Why npm Is the Weakest Link in Unicode Supply Chain Attacks

The Glassworm campaign, documented by Aikido Security in early 2026, targets GitHub repositories, npm packages, and VSCode extensions using invisible Unicode characters that cause the bytes in a file to tell a different story than the rendered text. Three vectors, one campaign. The npm surface is the one that deserves the closest examination, not because npm is the largest target but because JavaScript, at the language specification level, made choices that remove the enforcement points other ecosystems have used to contain this class of attack.

What ECMAScript Chose and What It Did Not

ECMAScript’s specification governs what characters are valid in identifiers.
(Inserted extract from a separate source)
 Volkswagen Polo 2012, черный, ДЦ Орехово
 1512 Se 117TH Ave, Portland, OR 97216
Since ES5, the language has followed Unicode TR31, the standard that defines identifier-safe characters across scripts. The rationale was sound: enable multilingual programming so developers can write code using identifiers from Arabic, Chinese, Japanese, Cyrillic, Greek, Hangul, and every other Unicode script. That goal was achieved, and the intent is not the problem.

The security consequence is that Cyrillic а (U+0430) and Latin a (U+0061) are both valid identifier characters per TR31, and they are visually indistinguishable in almost every font stack at normal display sizes. сonfig using Cyrillic с (U+0441) and config using Latin c (U+0063) are two distinct, valid JavaScript identifiers. One impersonates the other in any code review that relies on visual inspection.

The Unicode Consortium anticipated this problem. Unicode Technical Standard #39 (UTS #39) defines security profiles for identifiers: mechanisms for detecting mixed-script identifiers that could be confusable substitutions, restrictions on combining characters from scripts with mutual homoglyphs, and a publicly maintained confusables dataset that maps dangerous character pairs. TR31 defines what is allowed; UTS #39 defines how to apply security constraints on top of that. ECMAScript adopted TR31 and did not adopt UTS #39’s security guidance.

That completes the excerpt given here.